Bacon's "Portrait of Henrietta Moraes", 1969, oil on canvas
Bacon's "Portrait of Henrietta Moraes", 1969, oil on canvas The Estate of Francis Bacon

FLORENCE – It is an obvious point, but holds a hidden meaning. The last century did not have many artists who merit the “adjectivization” of their name, like Michelangelo, Machiavelli, Rembrandt or Goya, to define an entire genre.

Writers have given us Kafkaesque and Chekhovian, but can we say “Baconian”? The current exhibition at Florence’s Strozzina modern art museum offers Francis Bacon the ‘ancestor’ treatment, and includes his studio from Reece Mews in London.

And something from that well-trodden, metabolized world, with its muscular drawings by Michelangelo, reproduced in magazines and covered with fingerprints, photographs of ill-fated lovers, the “traitor” Lucian Freud, on a daybed that looks as if it came from some lost canvas, outdated ads… creates this original show, which not only boasts some of his important and rarely seen works, but above all, does not give us only the last (rather Marlboroughian) battered triptychs, which have been seen in so many exhibits recently.

For example, the visionary Marching Figures of 1951 is extremely beautiful, showing diligent little soldiers marching into the distance, walking into one of those classic spiritualist “Bacon-style” cubes under the wild stare of a large frozen head, which some see as that of a polar bear, but which perhaps also refers to the mysterious alchemical meteorite of Dürer’s Melencholia I.
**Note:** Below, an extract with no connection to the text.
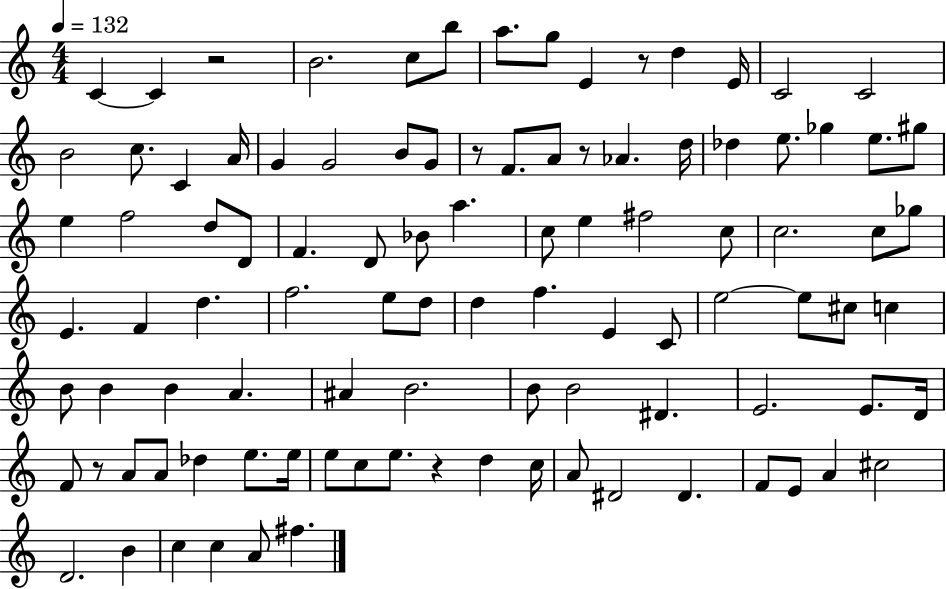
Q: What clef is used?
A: treble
Both possess the marvelous “eyeless stares” which the great critic Gilles Deleuze mentions in his famous thesis on how to make the visible invisible.

But above all, how did Bacon avoid illustration and figurative art, while still achieving “figuration?” It is illuminating, in front of his final canvases, left incomplete on easels in his studio, to see how his mental-manual laboratory worked.

That Bacon could have been “father” to many children and grandchildren is not a surprise. In recent years he has been dragged into dubious shows— for example, the Rome exhibit that arbitrarily and superficially lined him up with Caravaggio, another bad boy.

Even this show could basically be arbitrary (and it is, inevitably and rationally) and yet centrifugal, explosive and radiant. The chosen artists are not necessarily directly linked to or close to achieving the pictorial texture of the ‘maestro,’ so that the show is less educational than it might otherwise be. But perhaps this is fair after all.